What we soon realize is that we are viewing a play within a play and even the playbill is that of two different shows.
We also learn that our original observations were right and the play within the play is going to be plagued with numerous disasters.  

In the process of the production, doors jam, windows fall out, set pieces fall off, a platform collapses in a series of slow drops with members of the cast perched on it. Chaos reigns.  

There are line flubs, late entrances, cast members are knocked out by doors which are opened at the wrong time, misplaced props, missed cues, repeated, wrong liquids drunk, mispronunciations, cast substitutions, physical violence between actors and the eventual collapse of the entire set.  



The production of THE PLAY THAT GOES WRONG opened on Broadway in April, 2017, following a long London run.  The play then moved off-Broadway in February of 2019.
THE PLAY THAT GOES WRONG is farce at its highest level.  Director Matt DiCarlo, who directed this production (Mark Bell directed the original Broadway show) pulls out all the stops.  Shtick, prat-falls, fisticuffs, double-takes, thrown glass vases, and a swordfight complete with swords that break, are all included. 

Oh, and then there is the dog.  Well, much as the rabbit in HARVEY, an imaginary dog who plays a vital role in the plot.  (Come on now, could I make this up?)

The beauty of the whole production, and the resulting hilarity, is that the director and the cast know how to do farce well.   The audience laughs at the lines and the actions, not over-acting, which is often the trait of farce gone-bad.

According to the play within the play program, Chris Bean not only plays the leading role of Inspector Carter, but he also directed, designed the set and the costumes, as well as making the props, managing the box office, doing the press and public relations, and acting as the voice coach.  (Oh, what a man!)

The “real” cast, Ryan Vincent Anderson (Trevor), Matt Harrington (Chris), Chris Lanceley (Jonathan), Brent Bateman (Robert), Bartley Booz (Dennis), Ashley Reyes (Sandra), Matt Walker (Max) and Bianca Horn (Annie) form into a unit that plays off each other to create a symphony of hysteria.  

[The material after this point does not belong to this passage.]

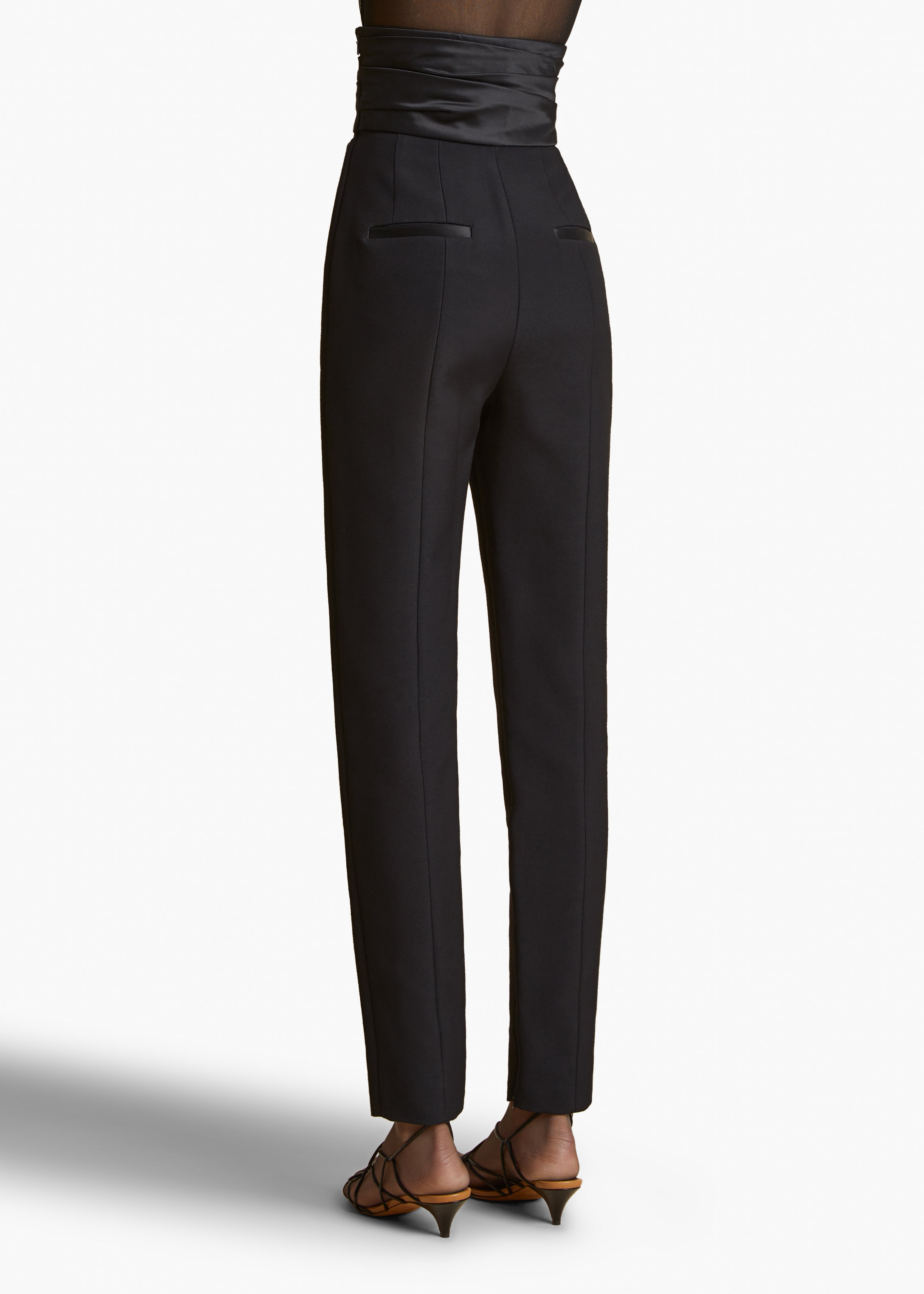 LENRO PANT BLACK BACK VIEW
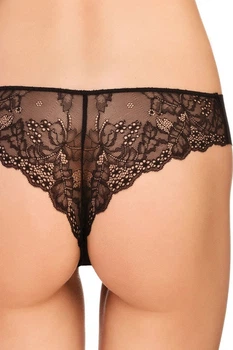 Трусики стринг Lauma 5(XL) Чёрный (115691)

No one can be singled out, as the interaction between the group, as they face boundless obstacles, is a perfect blending.


 
Nigel Hook not only designed a set that works perfectly, but must be a mechanical genius to have devised all the set disasters. 

Capsule Judgment:  Like any well-written farce, the quality of the ridiculousness is only as effective as the cast and director.  In the case of THE PLAY THAT GOES WRONG, all of the needed elements are present and hysteria reigns.